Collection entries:
-- Opening Marker --

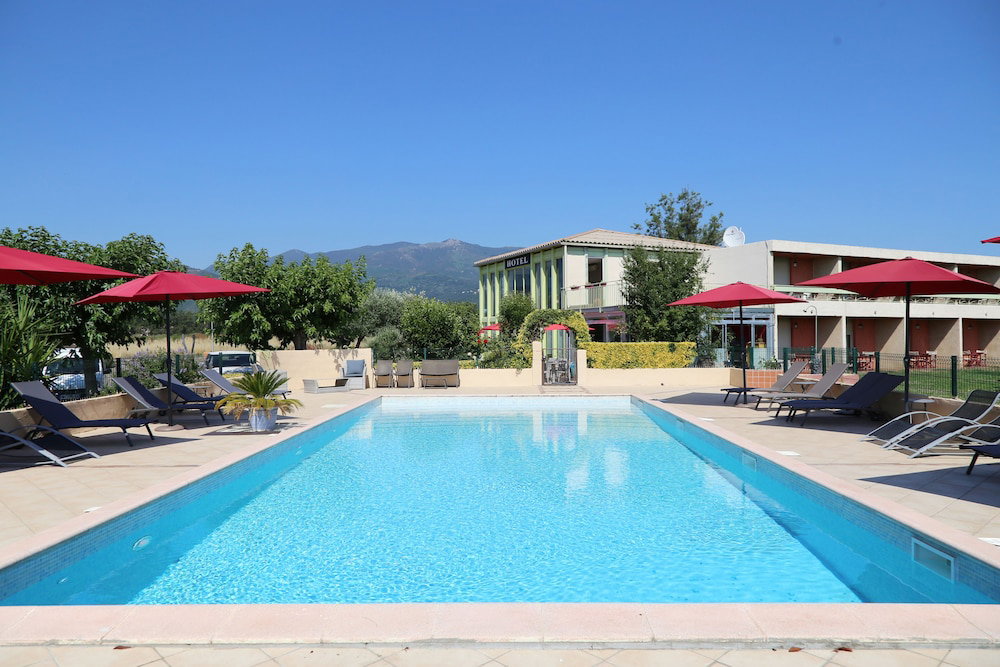 Hotel · Les Jardins, Lucciana
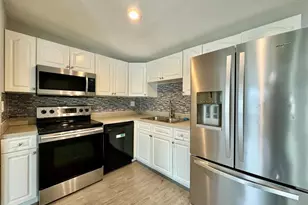 6816 W Burke St, Tampa, FL 33634 - Photo 9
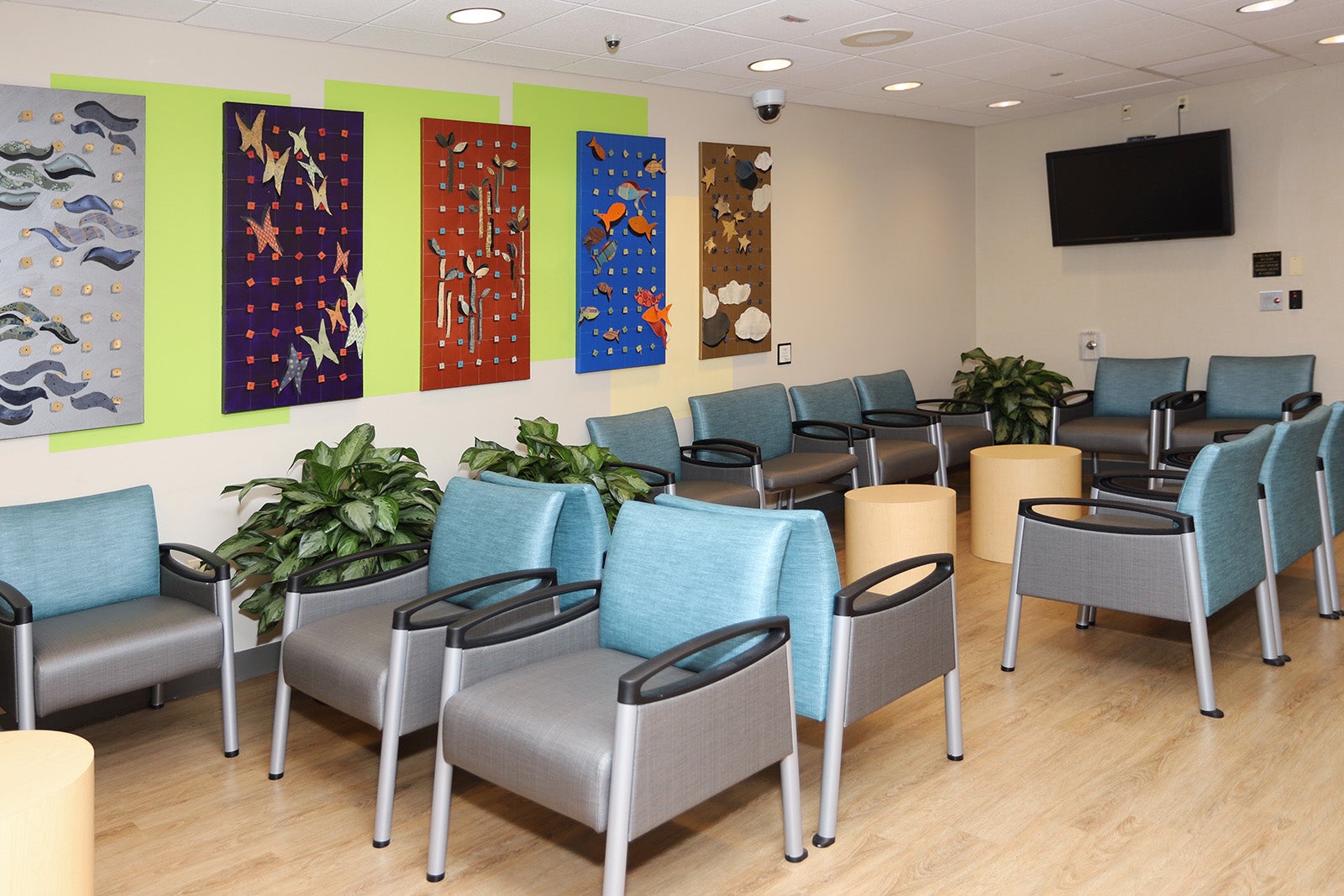Ascension Alexian Brothers Behavioral Health Hospital southwest lounge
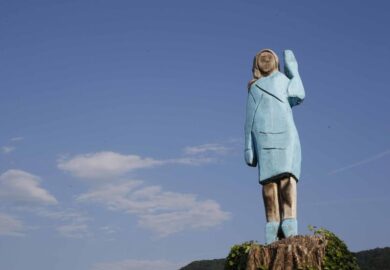 Trump, bruciata la statua di Melania nella sua città natale in Slovenia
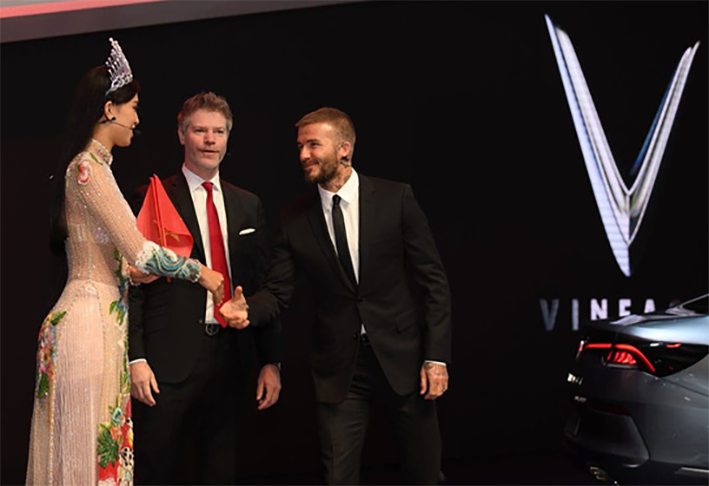 Hoa hậu Trần Tiểu Vy còn cầm lá cờ Việt Nam và tặng cựu danh thủ David Beckham khiến nhiều fan thích thú và ngưỡng mộ.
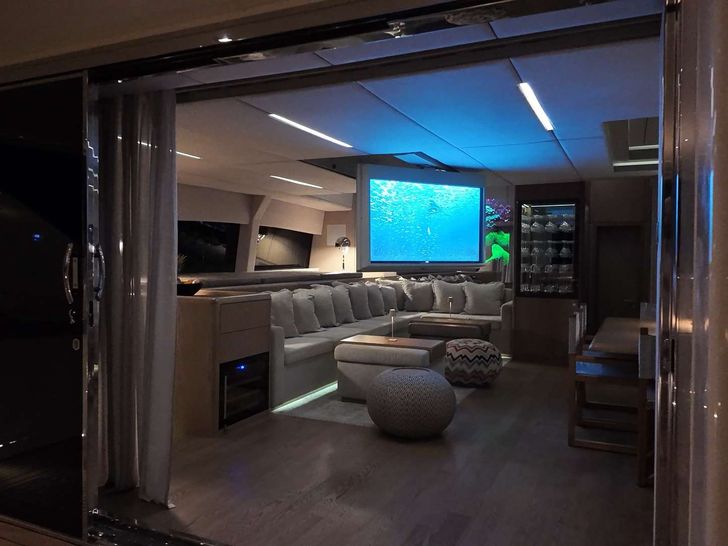 LITTLE GIANT Sunreef 88 Double Deck - Indoor Lounge Entrance LITTLE GIANT Sunreef 88 Double Deck - Indoor Lounge Entrance
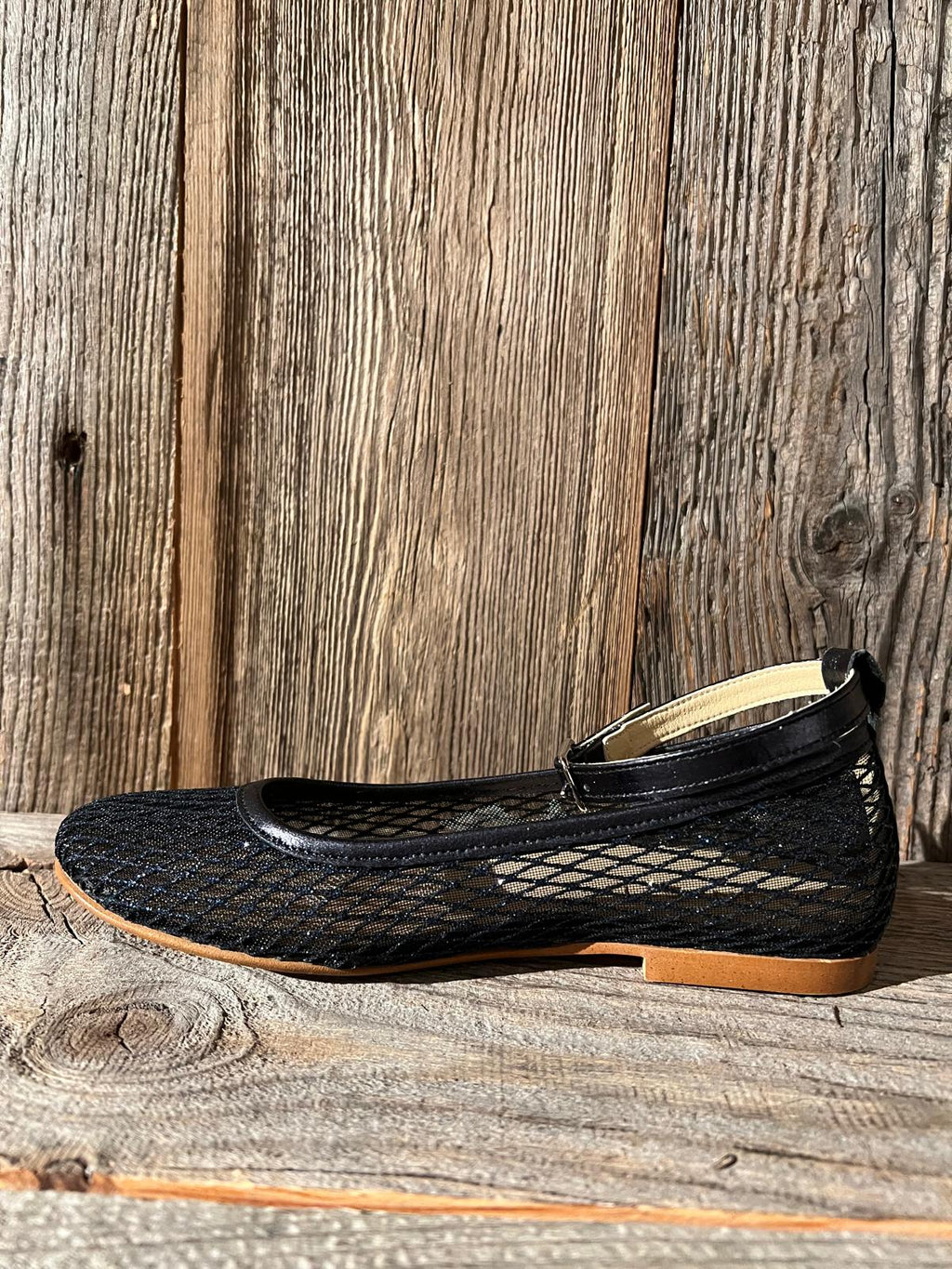 SHOES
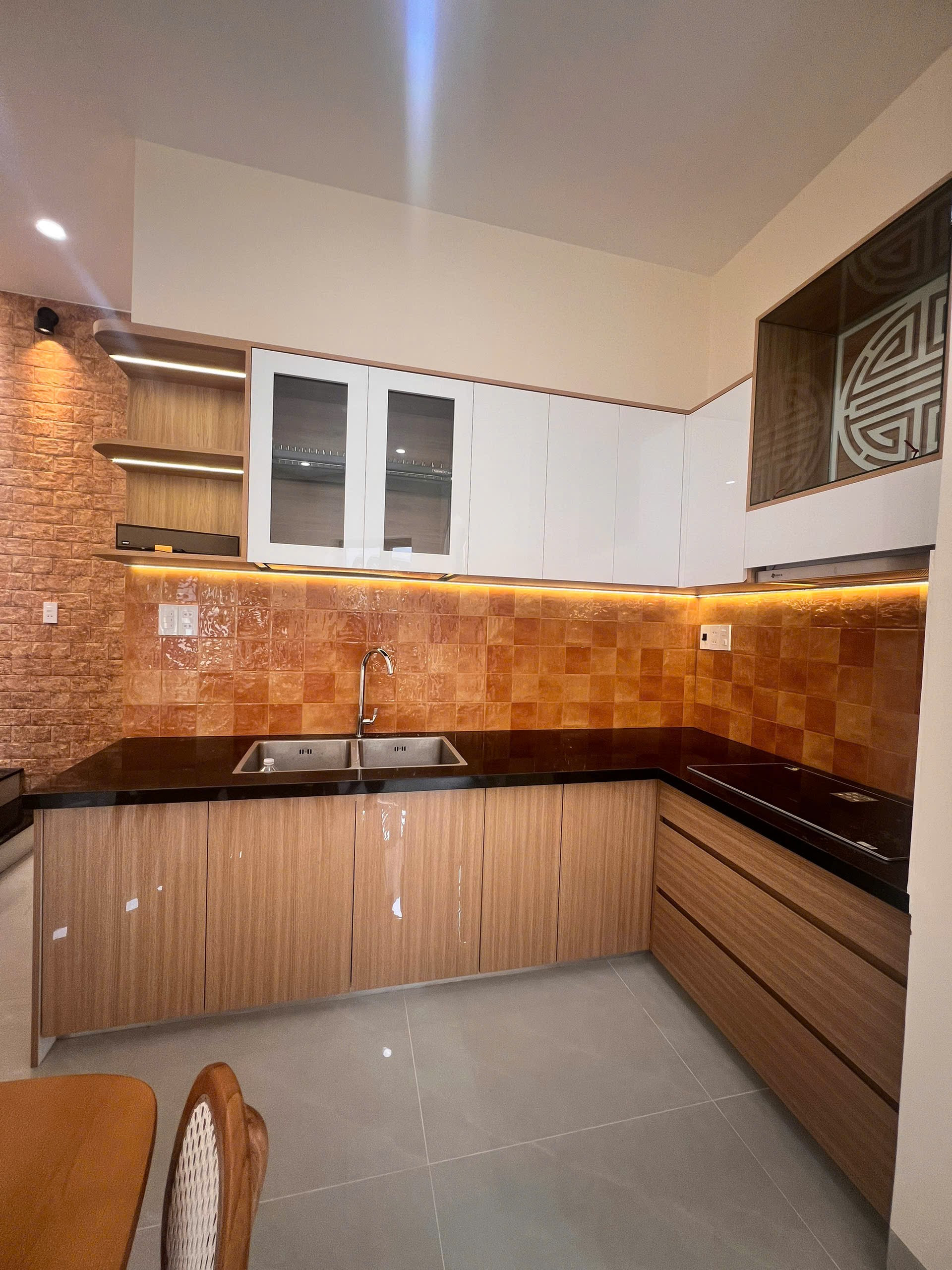 Nhà 2 tầng Kiệt 35 Ngự Bình - TP Huế Có gara ô tô giá 3ty2x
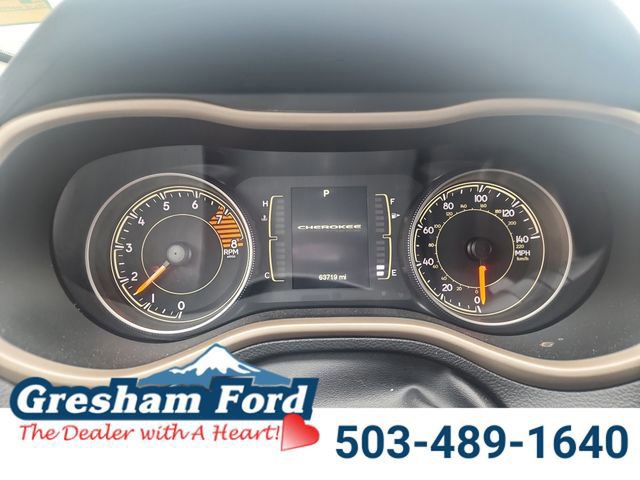 Used 2017 Jeep Cherokee Sport image 19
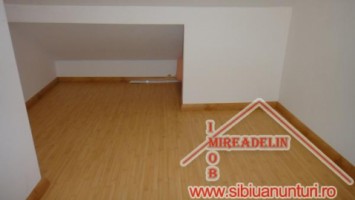 inchiriez-apartament-4-camere-110-mp-zona-hipodrom-ii-11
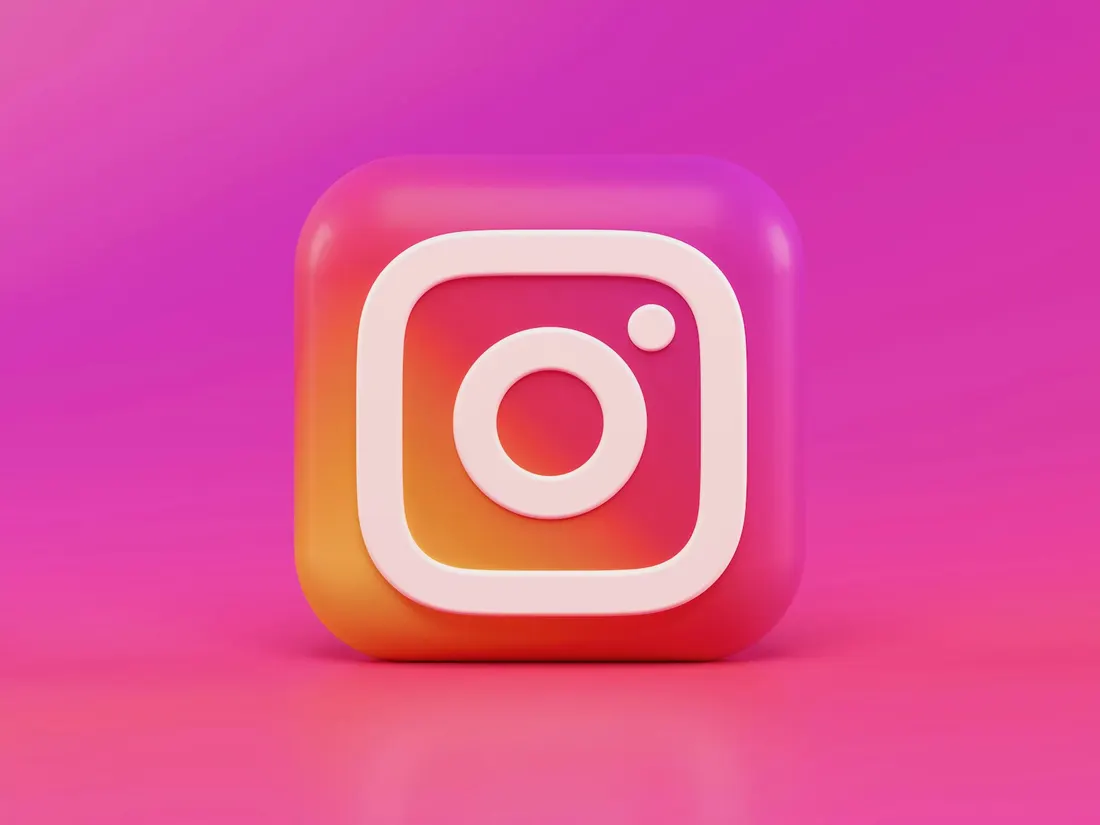Social media app icon on a bright pink background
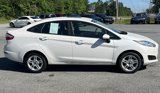 Used 2019 Ford Fiesta SE image 4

-- Closing Marker --

• TASK: Drop every picture and repeat the rest of the entries exactly.

• RESULT BELOW:
 Hotel · Les Jardins, Lucciana
 6816 W Burke St, Tampa, FL 33634 - Photo 9
Ascension Alexian Brothers Behavioral Health Hospital southwest lounge
 Trump, bruciata la statua di Melania nella sua città natale in Slovenia
 Hoa hậu Trần Tiểu Vy còn cầm lá cờ Việt Nam và tặng cựu danh thủ David Beckham khiến nhiều fan thích thú và ngưỡng mộ.
 LITTLE GIANT Sunreef 88 Double Deck - Indoor Lounge Entrance LITTLE GIANT Sunreef 88 Double Deck - Indoor Lounge Entrance
 SHOES
 Nhà 2 tầng Kiệt 35 Ngự Bình - TP Huế Có gara ô tô giá 3ty2x
 Used 2017 Jeep Cherokee Sport image 19
 inchiriez-apartament-4-camere-110-mp-zona-hipodrom-ii-11
Social media app icon on a bright pink background
 Used 2019 Ford Fiesta SE image 4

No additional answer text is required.